The problem
Reproduce word for word the line that contains "a kitchen with" and each line that follows it, stopping after the final line of the material.

Supplied data
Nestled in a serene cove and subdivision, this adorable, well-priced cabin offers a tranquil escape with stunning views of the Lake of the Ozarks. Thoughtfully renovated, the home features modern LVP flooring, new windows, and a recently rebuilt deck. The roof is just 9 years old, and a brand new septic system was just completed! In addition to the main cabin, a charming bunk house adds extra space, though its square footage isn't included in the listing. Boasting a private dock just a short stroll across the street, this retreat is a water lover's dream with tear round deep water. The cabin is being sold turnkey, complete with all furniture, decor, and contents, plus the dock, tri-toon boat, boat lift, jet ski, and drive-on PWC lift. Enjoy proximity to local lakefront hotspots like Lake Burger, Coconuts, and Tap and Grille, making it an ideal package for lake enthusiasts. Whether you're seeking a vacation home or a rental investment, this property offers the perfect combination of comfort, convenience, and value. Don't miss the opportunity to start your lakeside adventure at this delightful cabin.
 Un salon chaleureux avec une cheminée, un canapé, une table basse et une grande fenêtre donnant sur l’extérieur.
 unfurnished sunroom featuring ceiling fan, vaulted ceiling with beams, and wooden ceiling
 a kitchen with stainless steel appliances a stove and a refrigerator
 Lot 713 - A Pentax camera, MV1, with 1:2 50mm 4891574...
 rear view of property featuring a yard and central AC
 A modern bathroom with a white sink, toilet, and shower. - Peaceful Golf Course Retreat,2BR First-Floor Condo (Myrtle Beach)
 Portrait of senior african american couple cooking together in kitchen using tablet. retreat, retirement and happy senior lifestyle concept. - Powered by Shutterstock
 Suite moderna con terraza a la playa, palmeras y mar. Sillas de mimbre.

Written solution
 a kitchen with stainless steel appliances a stove and a refrigerator
 Lot 713 - A Pentax camera, MV1, with 1:2 50mm 4891574...
 rear view of property featuring a yard and central AC
 A modern bathroom with a white sink, toilet, and shower. - Peaceful Golf Course Retreat,2BR First-Floor Condo (Myrtle Beach)
 Portrait of senior african american couple cooking together in kitchen using tablet. retreat, retirement and happy senior lifestyle concept. - Powered by Shutterstock
 Suite moderna con terraza a la playa, palmeras y mar. Sillas de mimbre.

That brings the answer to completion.